Highlighting this point at the Lok Sabha last week, Chandra Sekhar Sahu (BJD), Girish Bhalchandra Bapat (BJP), Pritam Gopinath Munde (BJP) and Rahul Ramesh Shewale (Shiv Sena) inquired whether a large number of students have benefited from education ready to study in Ukraine. They also asked for details of the outstanding balance.

In a written response, the Minister of State (MoS) of the Union Ministry of Finance said that 1,387 students had been granted education loans to study in Ukraine with an outstanding balance of Rs 133.38 crore.
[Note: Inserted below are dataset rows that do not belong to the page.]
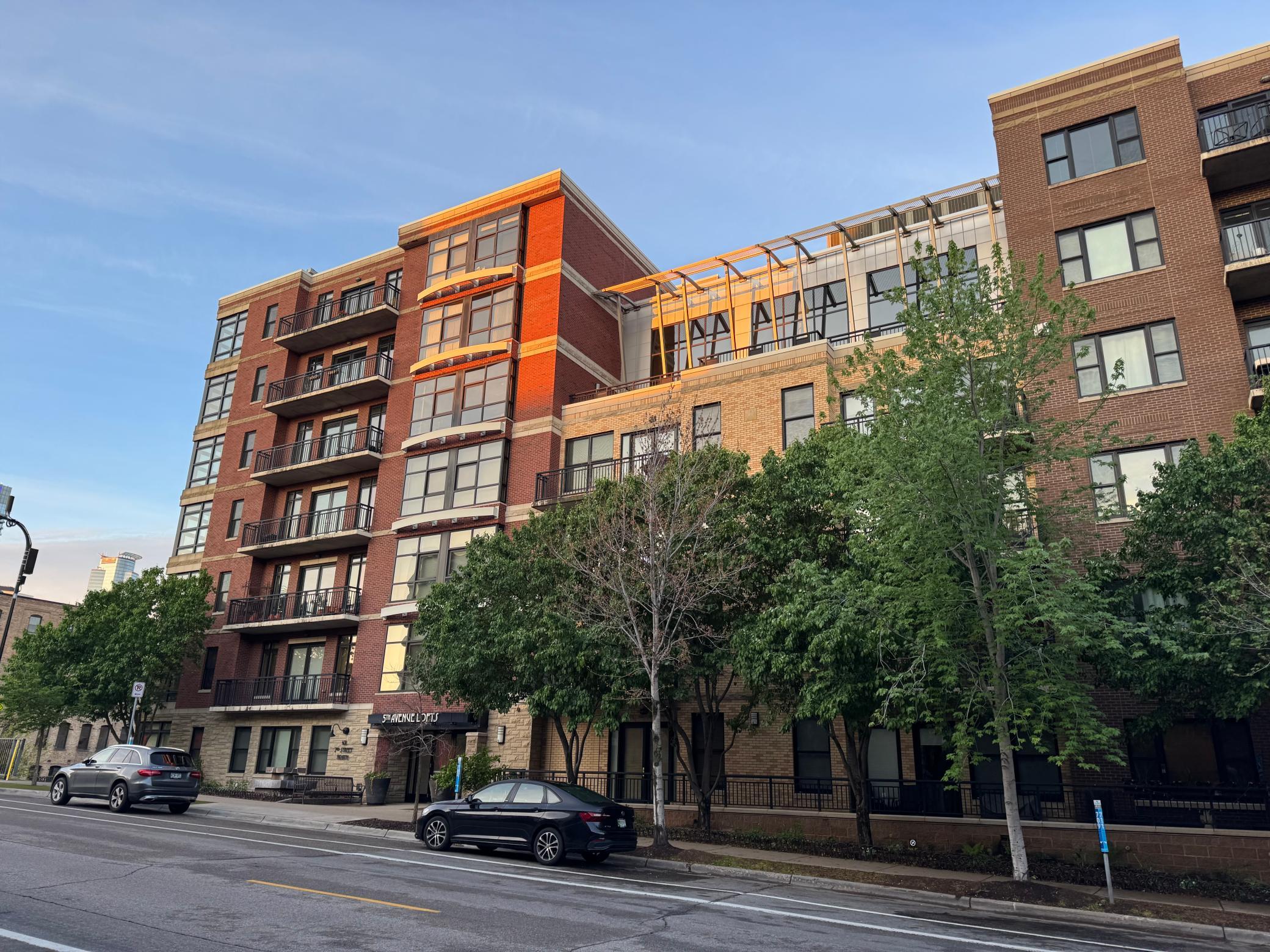 Updated and Renovated North Loop loft!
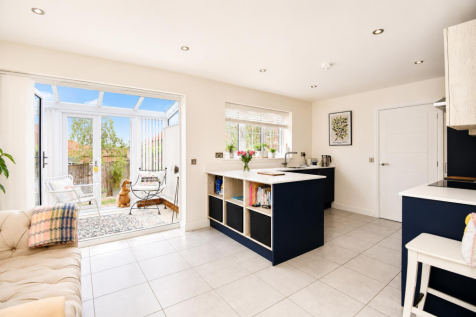 Kitchen / dining room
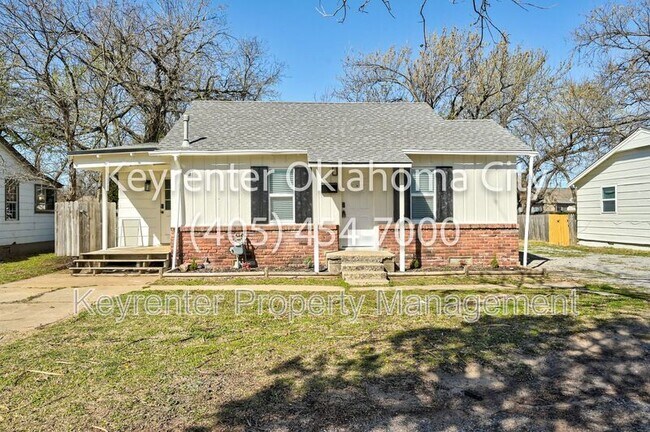 Building Photo - 4913 N Willow Ave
MPs further inquired whether the Center had “requested the Association of Indian Banks (IBA) to assess the impact of the dispute on these outstanding education loans of repatriated students; and, if so, details thereof and how the government proposes to protect them from the defaulter list.

Read also : Why did Indian students stay in Ukraine? Voice of affected people

The Ministry of Finance’s MoS said the Center had asked the IBA to assess the impact of the Ukrainian conflict on the ongoing study loans of repatriated students and “to engage in consultations with stakeholders”. This would usually mean that the respective bank employees and recipients (students/parents) discuss the best way to handle the loans.

Two-year respite

The MoS went on to point out that banks sanction education loans taking into account their respective board-approved lending policies, RBI instructions and the model education loan scheme formulated by the IBA. . “The model program provides that if a student is unable to complete the course within the scheduled time due to reasons beyond his or her control, the lender may authorize such extension, not exceeding two years, as may be deemed necessary to complete the course.”

According to the IBA, banks are “inclined to grant an extended standstill period in accordance with the terms of the loan agreement/educational program under which the loan was sanctioned”.